Wednesday 10 August 2016

These Robots Are Chains of Tiny Magnetic Beads


Healing with Magnets – Microscopic Surgical Robots

Healing with magnets could someday be considered as a genuine solution if the magnets tend be microscopic surgical robots. Operating the same magnetic fields which had been portrayed in controlling the swimming motion of microscopic robots, a team of engineers at Drexel University had proven the capability of assembling and disassembling chains of minute magnetic beads.

According to a study co-author, presently an associate professor of mechanical engineering at the University of Utah, Henry Fu informed Live Science that if they tend to have these simple geometries as building blocks it can be put together to make more complicated shapes which could do more things.

The expectation is to ultimately utilise these remotely controlled chains named modular microrobots, in the human body for the purpose of medical use like delivering directed medicines or performing surgeries on a small, non-invasive scale according to the researchers.

Various combinations as well as shapes of the spherical beads could mean better adaptability. Fu stated that the beads, for instance could be transported to an area in the body with ease in one configuration, though it could then be deployed into various shapes to move through various tissues or perform precise tasks.

Chains Viewed under Microscope/Remotely Operated

A researcher in the Nanorobotics Laboratory at Polytechnique Montreal, Charles Tremblay, who is not involved in the study, had informed Live Science in an email that the project seems to be a good idea. However he also commented that some of the challenges comprise of the need for visual feedback and transparent medium, to exercise the robots.

Researchers view the chains under microscope and remotely operatethe micro-swimmers by modifying an array of three solenoids, electromagnets which tend to produce controlled magnetic field and when it is rotated, the chains tend to swim through liquid.
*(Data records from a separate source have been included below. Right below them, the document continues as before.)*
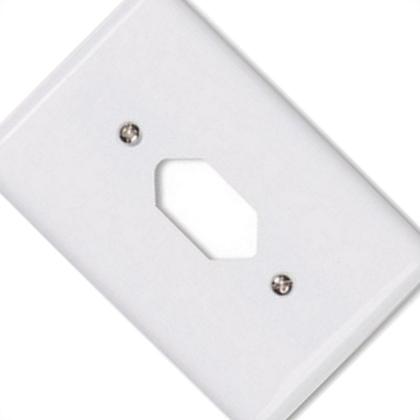 Imagem de Placa Conjunto Ilumi Stylus Branco 4X2 - 1 Tomada - 20400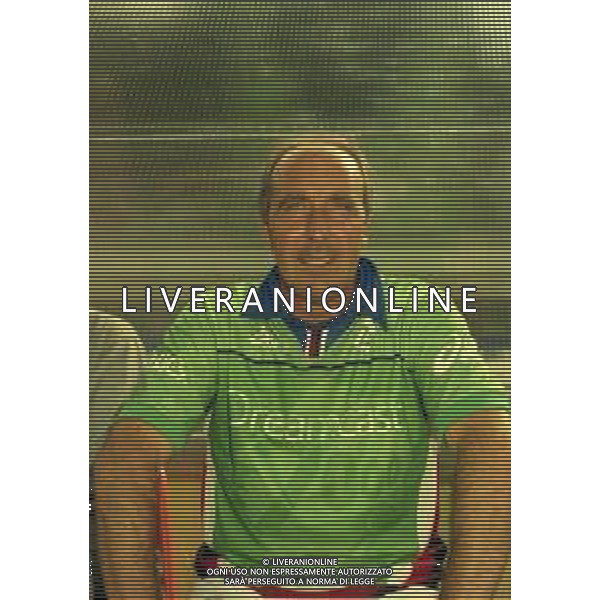 1999-2000 VAL DI FIEMME-PARTITA AMICHEVOLE SAMPDORIA CALCIO NELLA FOTO GIAN PIERO VENTURA ALLENATORE SAMPDORIA CALCIO AG ALDO LIVERANI SAS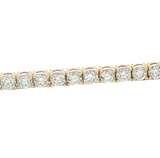 Sophisticated & Timeless Diamond Bracelets 14K Yellow Gold 6.97 Carats Lab Grown Diamond Tennis Bracelet - 7 Inch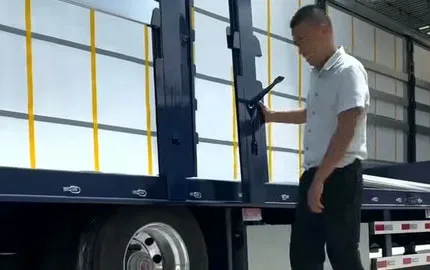 Truck Side Curtain Systerm Video 1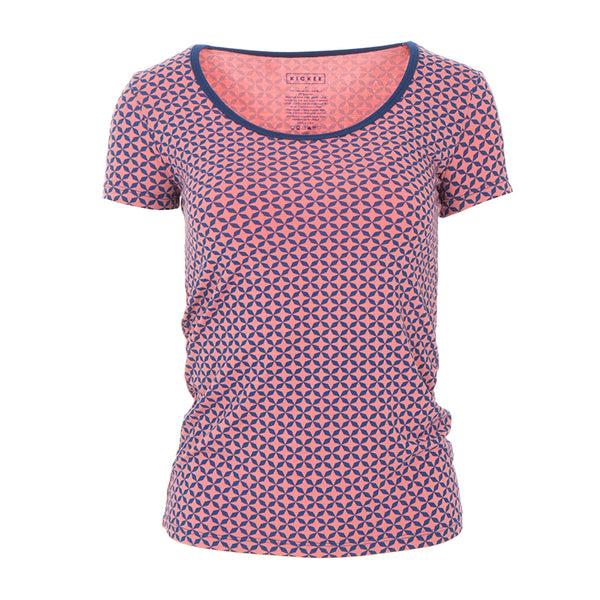 Women's Print Short Sleeve Scoop Neck Tee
A chain of three beads just about 10 microns long, for perception, the width of an normal hair of human around 100 microns, is said to be the simplest of the micro-swimmers which the team seemed to work with. It makes them a bit bigger than bacteria which Fu had researched earlier. He comments that he had looked at the fluid mechanics of how bacteria tend to swim. The principles seem to be the same irrespective if you are a robot or a living thing.
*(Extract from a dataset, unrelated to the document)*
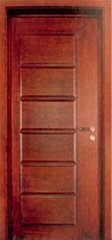 Composite veneer door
Scratched the Surface with Proof of Principle

The researchers worked out methods of building the chains without the magnets resisting each other and disassembling the chains seems to be comparatively easy. The scientists observed that more drawn out chains seemed to swim speedier when turned at the same recurrence as the shorter one, displaying at a fundamental level that typical progresses could have various services.

 There could be various possible procedure of the globule but according to Fu they are not at the phase where they know exactly what shape is needed to get to, towards the end.Fu has stated that `you spin them around fast enough and they will fall apart’. He further added that they had just scratched the surface with a proof of principle and that is what makes it exciting. There seems to be plenty of possibilities.

No comments:

Post a Comment

Note: only a member of this blog may post a comment.